Depois dos brasileiros foram os ucranianos (16,4%) e cabo-verdianos (15,6%) que mais pediram para adquirir a nacionalidade portuguesa.

Em Portugal, o rácio foi de 2,3 nacionalidades por mil habitantes e 5,9 por cada cem estrangeiros residentes no país.


As nacionalidades concedidas na União Europeia


Já na União Europeia, foram concedidas, em 2013, 984.800 nacionalidades, a maioria das quais (89%) a pessoas oriundas de países terceiros, num rácio de 1,9 nacionalidades por mil habitantes e 2,9 por cada cem estrangeiros.

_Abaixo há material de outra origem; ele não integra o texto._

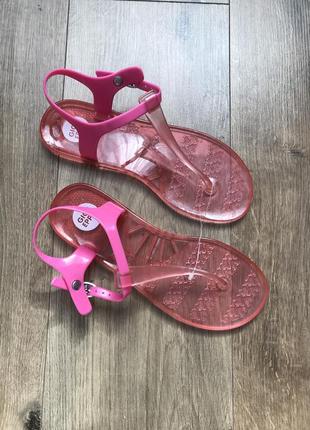 Розпродаж нові рожеві гумові пляжні босоніжки gioseppo розмір 37 устілка 24 см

Segundo o gabinete de estatísticas da UE, Portugal é um dos 12 Estados-membros onde a maioria dos pedidos de conceção de nacionalidade partem de residentes não europeus, com a Estónia à cabeça (100%), seguindo a Letónia e a Roménia (99% cada), Grécia e Lituânia (97% cada), Espanha e Portugal (96% cada), Bulgária (94%), Irlanda e Itália (93% cada), Reino Unido (91%) e Croácia (90%).

Já no Luxemburgo (81%) e na Hungria (80%), a maioria dos pedidos de nacionalidade provêm de cidadãos da UE, sendo que os portugueses são os que mais requereram nacionalidade luxemburguesa em 2013 (38,3%).

Na média da UE, a maioria das nacionalidades são concedidas a marroquinos (8,8%), indianos (4,9%) e turcos (4,7%), segundo a síntese apresentada pela Lusa.